In some ways, I couldn’t have been closer to the tragedy. In others, I was a whole universe away.
This essay was first published on 3 March, 2024. The Sunday Essay is made possible thanks to the support of Creative New Zealand.
Had you been trying to market a suburb in Wellington, the Loafers Lodge was not the sort of landmark you’d want to draw attention to. Four storeys tall and infinitely bleak, the building stands on a busy corner between John Street and Adelaide Road. It’s a newly hip area, across from a homeware shop where I once spent $59 on a candle and a coffee shop that sells vegan doughnuts on Fridays. The Snickers one is my favourite. When I was a kid, the building was white with a blue trim, as though someone had captured the sky and turned it inside out. In most of my memories, the building is the colour it is now: a despairing brown, like a malt drink made with powdered milk that expired in 2019, alongside hopes of a capital gains tax.

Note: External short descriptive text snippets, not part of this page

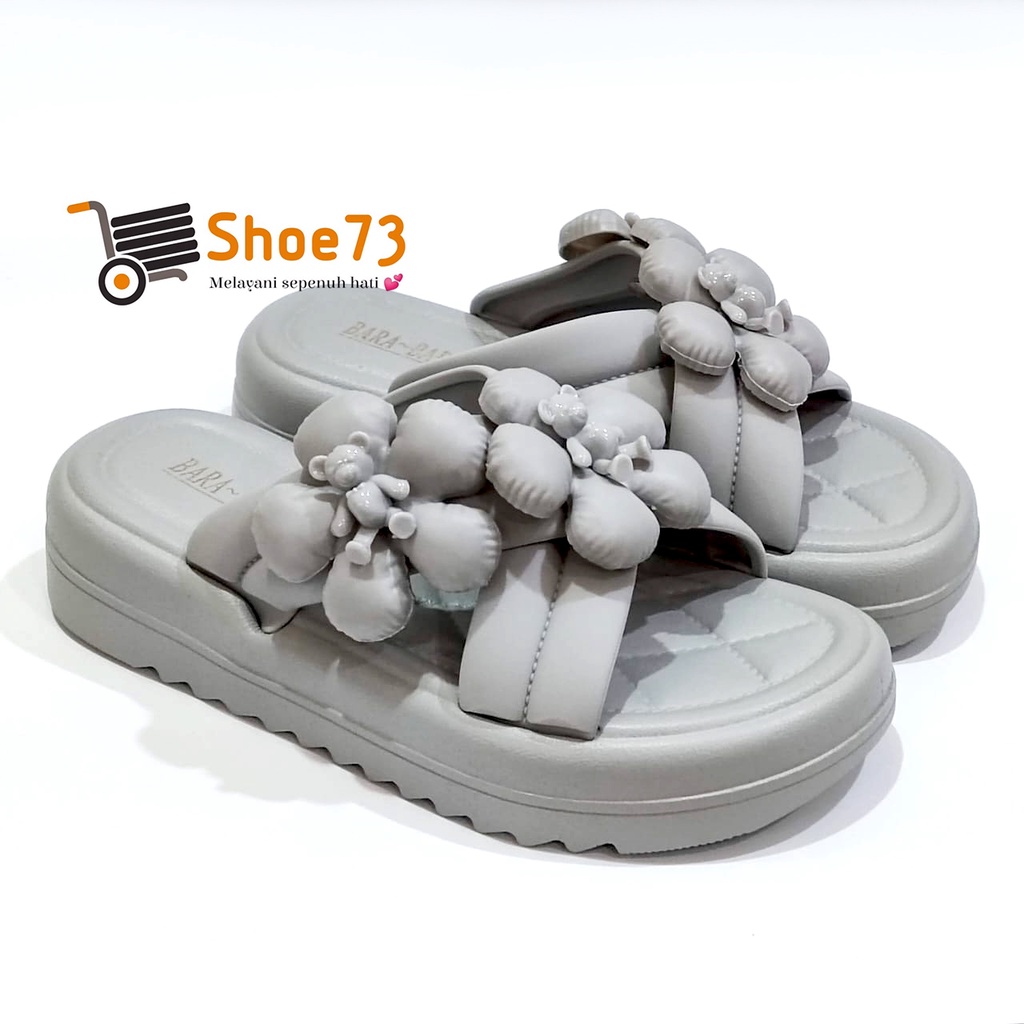 BARA-BARA JSL 2208 V20 NEW SIZE 36-40 ORIGINAL l Sandal Selop Silang Jelly Wanita l Sendal Kokop Cewek Impor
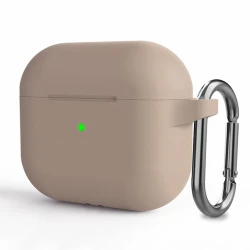 Чехол для наушников Airpods 3 Silicone Case для Apple AirPods 3 Pink Sand
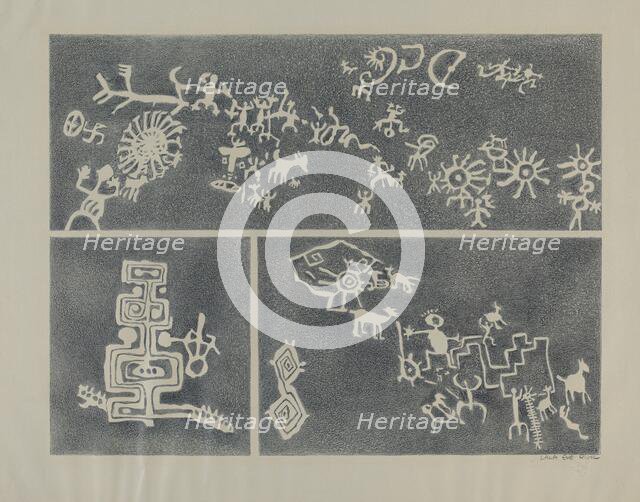 Petroglyph, 1935/1942. Creator: Lala Eve Rivol.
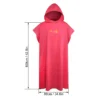 Surf-Poncho, Wickeltuch mit Kapuze, Mikrofaser-Stranddecke, Badetuch, Schwimmtuch, Neoprenanzug, Strandponcho für Erwachsene 6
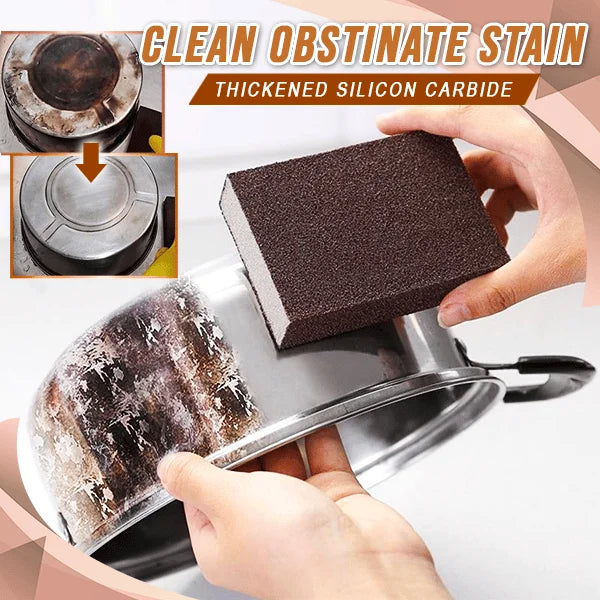 Magic Emery Sponge Brush - Kitchen Rust Cleaning Tool, 5 pcs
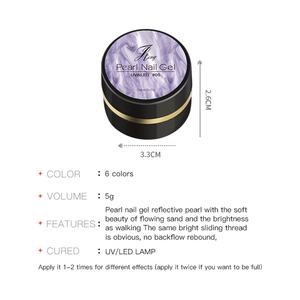 JTING Esmalte de Uñas en Gel con Efecto Brillante de 6 Colores, Gel UV de 5 ml, Diseño OEM Gratuito, Logotipo de Marca Privada - Product Image 2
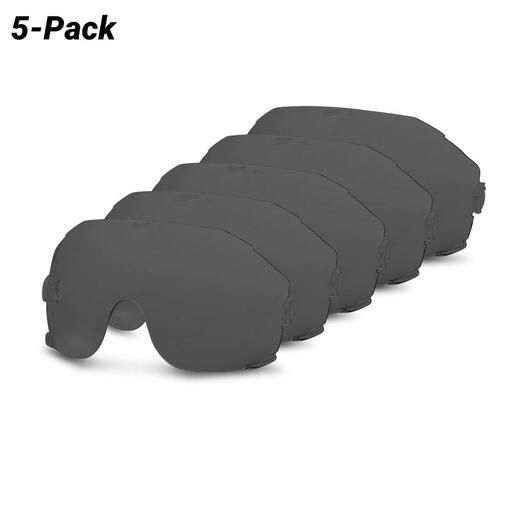 Milwaukee 48731452A 5-Pack BOLT Tinted Universal Visor Replacement Lens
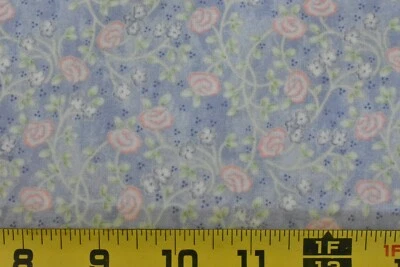 By 1/2 Yd, Pink Calico on Lavender, Moda, Gervais,  "Whispers in the Wind", V409 - Image 1 of 4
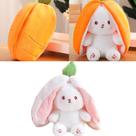 Pelúcia de pelúcia RERLOG Flip Rabbit de 18 cm com zíper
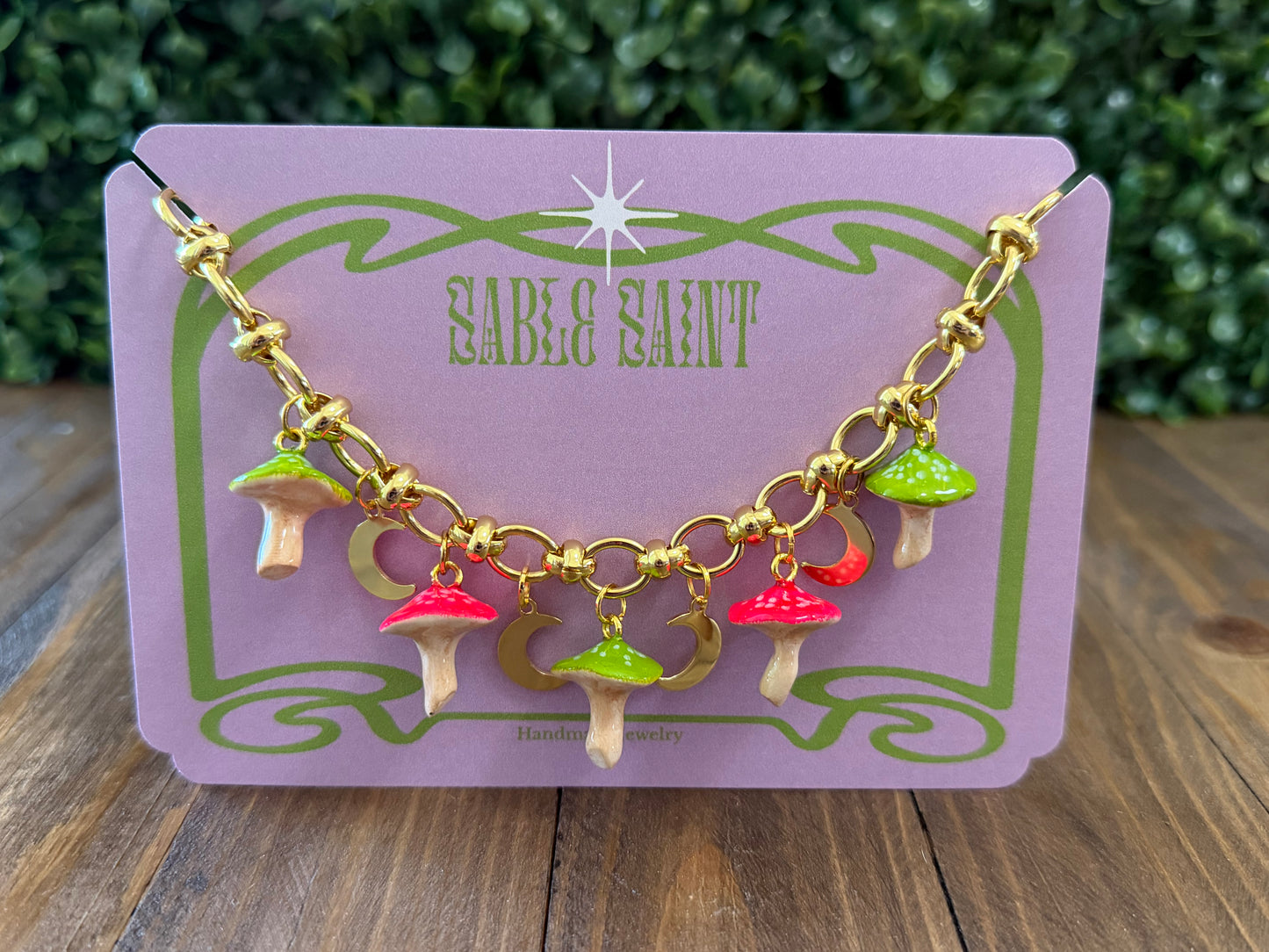 Magic Mushroom - Charm Necklace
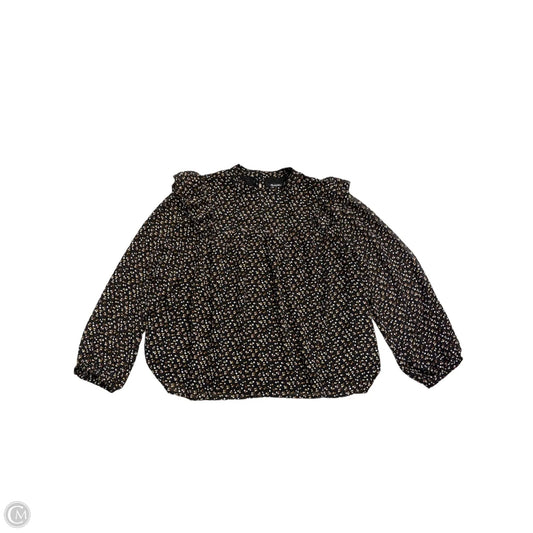 Blouse Long Sleeve By Madewell In Black, Size: Xxl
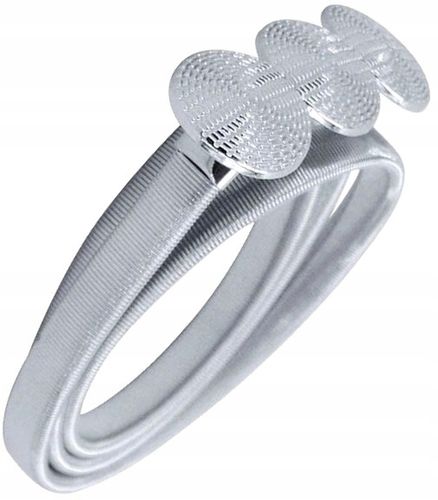 Srebrny Pasek Metalowy Sprężynka Pancerka Snake na Arena.pl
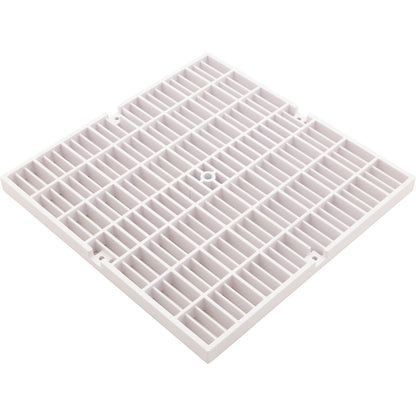 Drain Cover Only, Aquastar, Flat, 24" Square (4x12), White, VGB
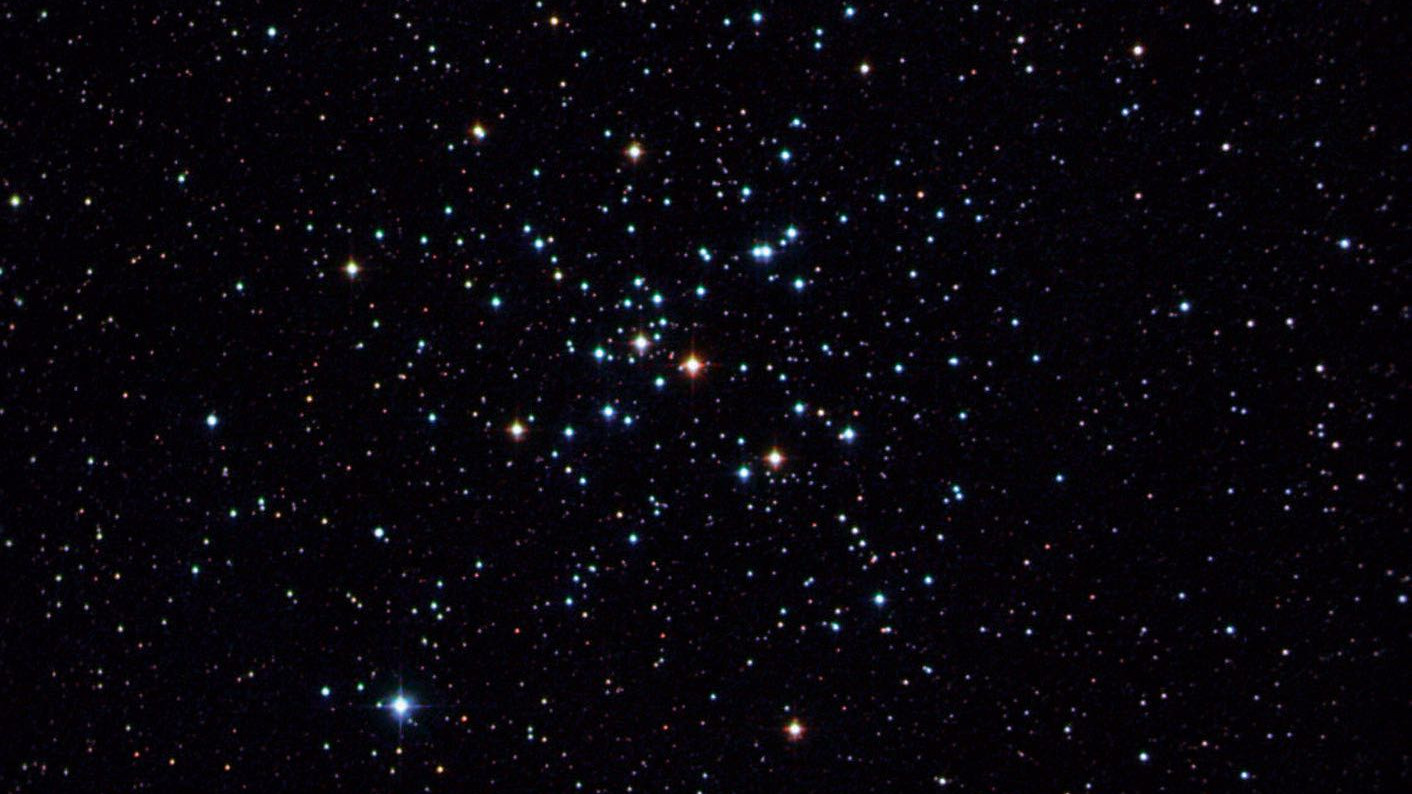 L’ammasso Messier 41 nella costellazione del Cane Maggiore ripreso con un telescopio Newton 4,5 pollici e 440 mm di lunghezza focale. Michael Deger / CCD Guide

From my apartment, I have a view of the left side of the building, which has been largely walled over. For years it has hosted a giant billboard. As with so much of Wellington’s prime real estate, this billboard had been capitalised on by Lowe & Co. For a while the company displayed a sign that said, “We can see your next house from here.” Then they replaced that with, “We’re not going, are you?” That one was for a City Mission fundraiser, in which you could buy tickets to an event you didn’t attend, with all the proceeds providing essentials for people who were struggling. It was a good premise, a clever campaign too, but what I really got a kick out of were the layers of irony. Lowe & Co was fundraising for people in need, on a building filled with people in need, in a city that was becoming – with their help – increasingly unaffordable. “And it’s for an event they literally don’t have to show up to,” I moaned to workmates, “I mean, that’s the extent of their community engagement: staying in their own homes.”
From the road, I could see through the Lodge’s grimy narrow windows and into its rooms, and I could also see its signs. There were three, in a mix of fonts, sizes and colours, offering, in turn, ‘ACCOMMODATION,’ ‘Superior Rooms,’ and an illustration of loafers, outlined in a thick black paint and covered in white polka dots. I always felt that there was a slight ambiguity about what the pun meant. Was it a lodge named after, or perhaps for, shoes? Or the people who lived there?
While its website marketed the Lodge as an affordable and convenient option for short-term stays in Wellington, it didn’t really cater to travellers. Most of the residents were – for one reason or another, and often for many reasons – vulnerable. By and large, they were not the sort of subjects that make for sympathetic news stories. Folks with significant mental health and substance abuse issues, people with criminal records, criminal deportees too, packaged up in legal jargon and sent back here from Australia to become someone else’s problem. I didn’t know a single one of them, and I didn’t try to get to know them. Instead, morning and evening, I smiled vaguely as I passed them by, on my way to better things.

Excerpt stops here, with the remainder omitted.